*ACTIVITY:* With the pictures omitted, repeat exactly the lines below starting with the line that has "Imperial Black's E-Commerce" and going on through the line that has "TIFFANY&Co. Flat band".

*MATERIAL FOR THIS TASK:*
★ ★ ★ ★ ★
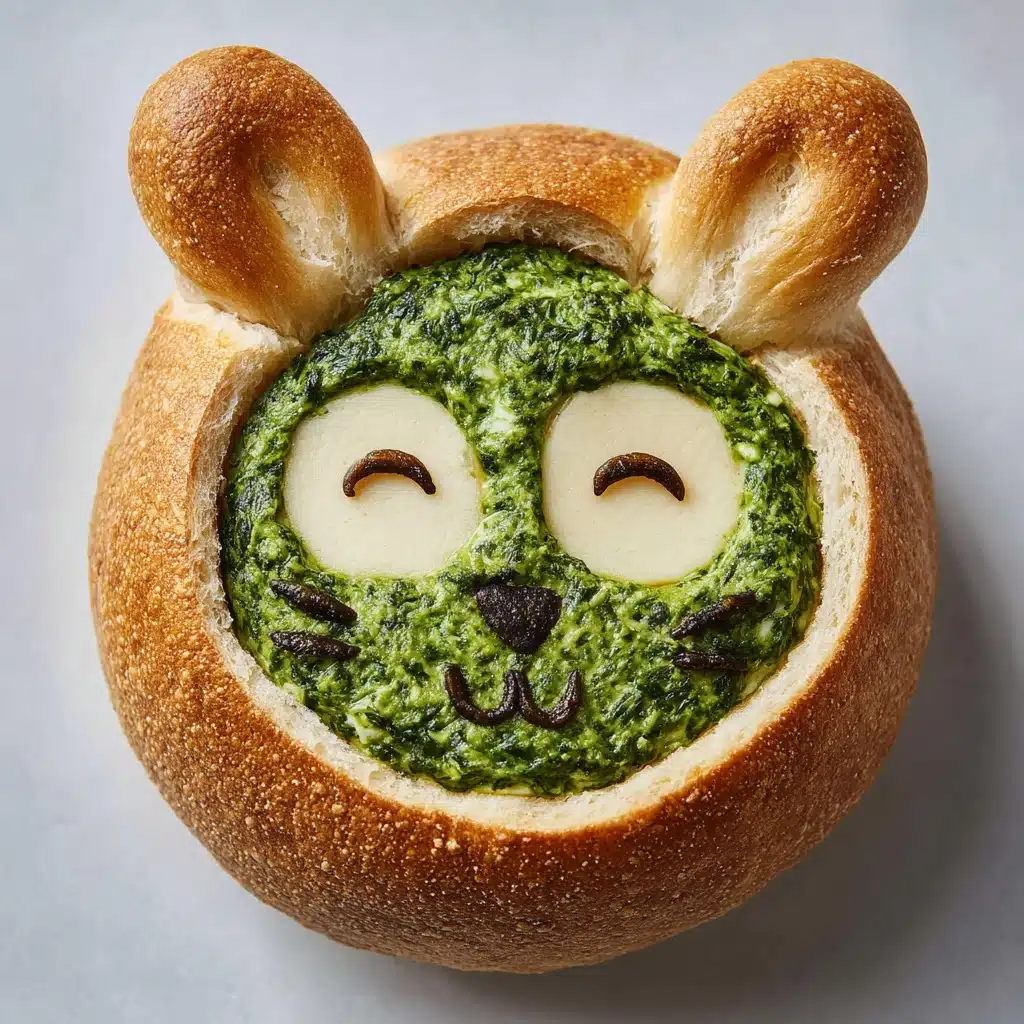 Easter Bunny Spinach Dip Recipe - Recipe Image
★ ★ ★ ★ ★
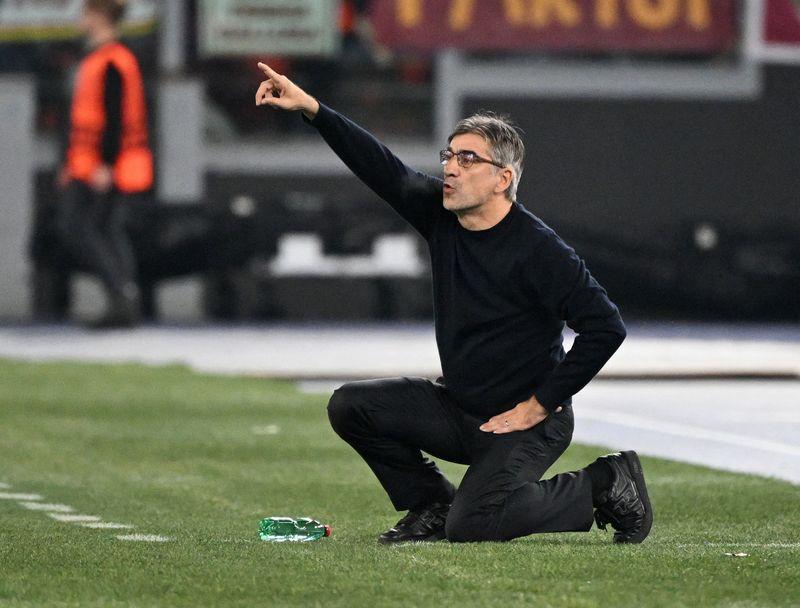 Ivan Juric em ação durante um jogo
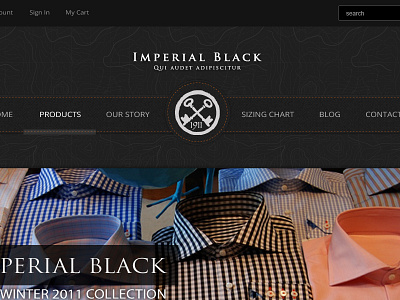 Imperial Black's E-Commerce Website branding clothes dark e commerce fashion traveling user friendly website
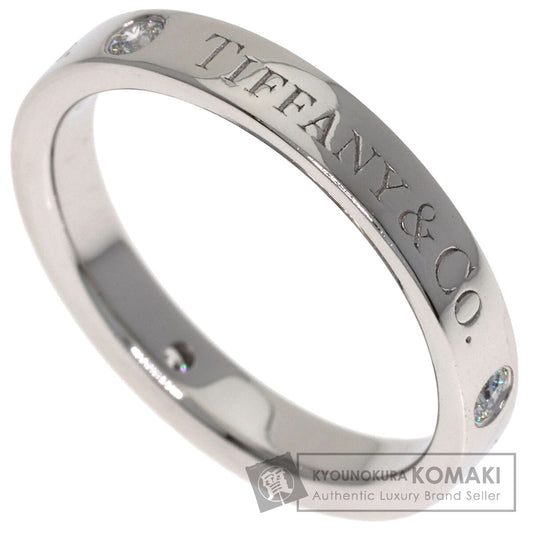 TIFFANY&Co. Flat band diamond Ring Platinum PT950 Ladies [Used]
★ ★ ★ ★ ★
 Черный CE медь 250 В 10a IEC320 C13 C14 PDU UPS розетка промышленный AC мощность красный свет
★ ★ ★ ★ ★
*YOUR SOLUTION:*
 Imperial Black's E-Commerce Website branding clothes dark e commerce fashion traveling user friendly website
 TIFFANY&Co. Flat band diamond Ring Platinum PT950 Ladies [Used]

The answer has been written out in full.